• After working him primarily at right guard as a rookie, the Packers will have 2024 first-round pick Jordan Morgan, a college left tackle, compete on the blind side this offseason. “One thing about him is he has that elite athleticism,” Stenavich said when asked why Morgan can play left tackle in the NFL. “Guy moves well, he’s fast, he can redirect. I think now is just a good time to put him out there and see how he does and just watch him compete.”
• Stenavich also said that coaches spent time this offseason examining how to elevate tight end Tucker Kraft’s game beyond last season, during which he emerged as one of the NFL’s best young tight ends. “I think just his route-running ability, getting him on more individual things like that, and just kind of growing him there,” Stenavich said. “I think he did a really good job in the run game … hopefully he can keep improving there to be a dominant player up front.

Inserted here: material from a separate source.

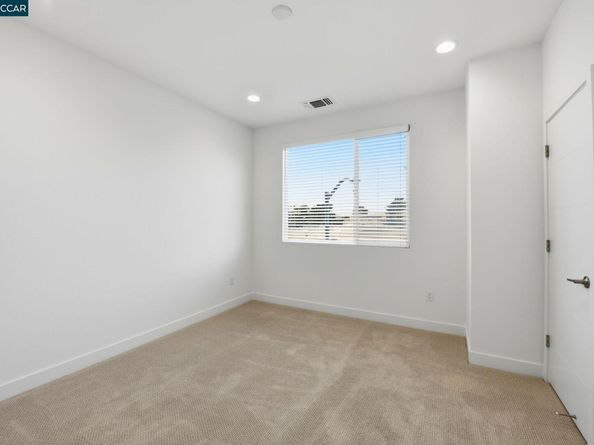 967 24Th St, Oakland CA 94607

Just trying to find different ways to give him the ball, that’s gonna be the big thing for us.”
Perhaps it’s just the yearly May enthusiasm, but the often stoic Stenavich, Green Bay’s offensive coordinator, couldn’t help but crack a smile when asked about first-round pick Matthew Golden.

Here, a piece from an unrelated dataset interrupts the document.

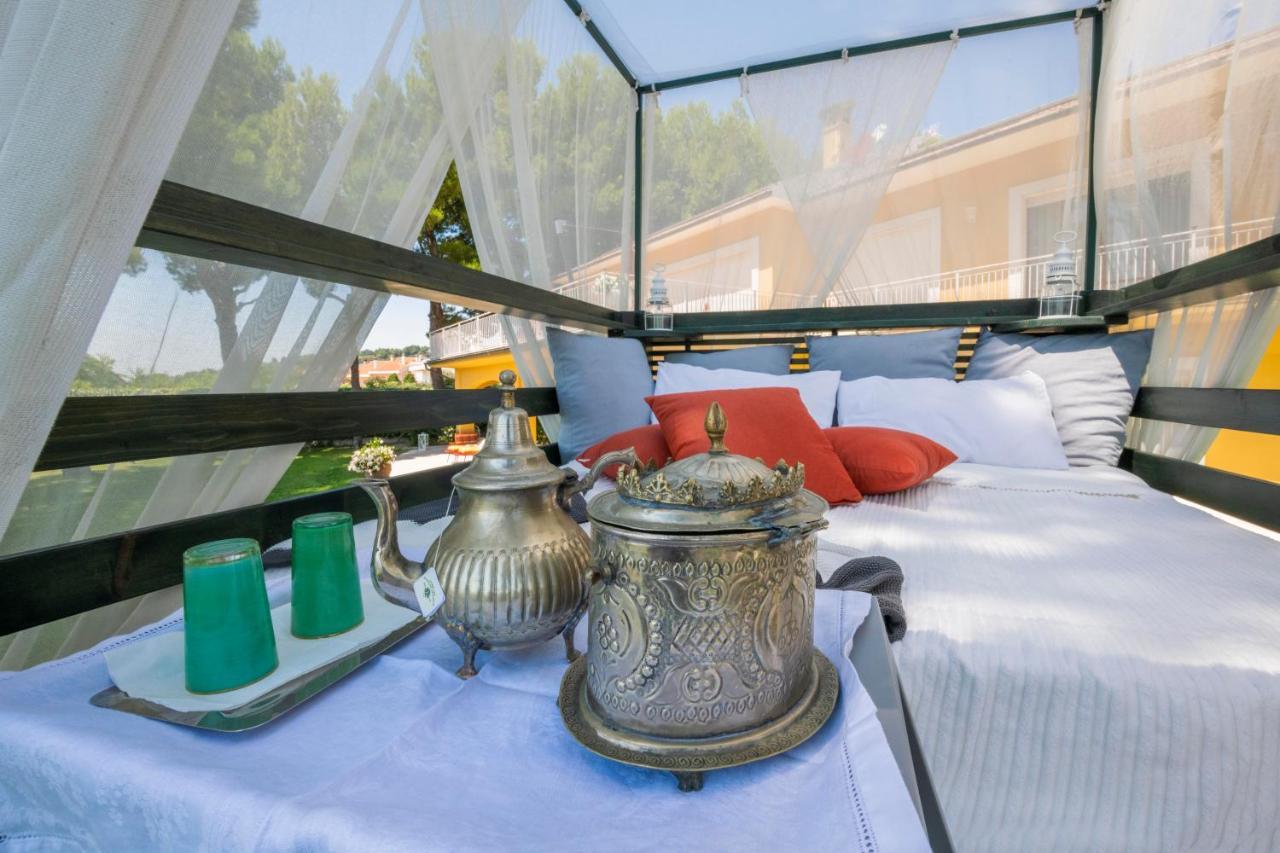 Tra Gli Alberi E Il Mare Bed & Breakfast Sirolo Exterior photo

“Yeah, like him,” a giddy Stenavich said. “Looks fast. … I’m really excited to see how we progress through training camp and all that stuff, the plays he’s going to make. I’m fired up about it.”
Stenavich also sounds high on third-round wide receiver Savion Williams, a Swiss Army knife who might play more of a gadget role than a traditional wide receiver after the 6-foot-4, 222-pounder saw substantial action in the backfield at TCU.
“He’s a guy that is really interesting,” Stenavich said. “You can come up with a zillion different ways to use him in your offense. That’s one guy I’m really fired up about.
“We have a good core of older wideouts, and then we’ve got these two young guys coming in that are really special. It’s not as if they have to start and be the guy at a certain position. We can put them in different places, see where they excel, and move them along from there.”
Hafley asked reporters on Monday if they had seen the linebacker Cooper yet this offseason. They had not.
“When you see him now, he looks different,” Hafley said, estimating Cooper is close to 240 pounds after being listed at 229 during his breakout rookie season.
Aside from safety Xavier McKinney, Cooper might’ve been the Packers’ best defensive player after they took him in the 2024 second round out of Texas A&M. A hip injury nagged Cooper during training camp and stunted his early-season growth, while a hamstring injury sidelined him for three games in the second half of the season. He still won NFC Defensive Player of the Week twice and likely would’ve been a Defensive Rookie of the Year finalist had he stayed healthy (he finished sixth in voting and there were five finalists). “Now he knows what it’s going to take to stay healthy in this long season, and you can tell he’s dedicated that time into caring for his body and changed his body, and now when you sit with him in that room it’s, I mean, he’s locked in and he’s focused,” Hafley said. “Now it’s getting the details down. Now it’s lining up exactly where he needs to line up and doing it over and over and over again because then he’s gonna show up faster and he’s going to make more plays and he’s going to become a more consistent player.”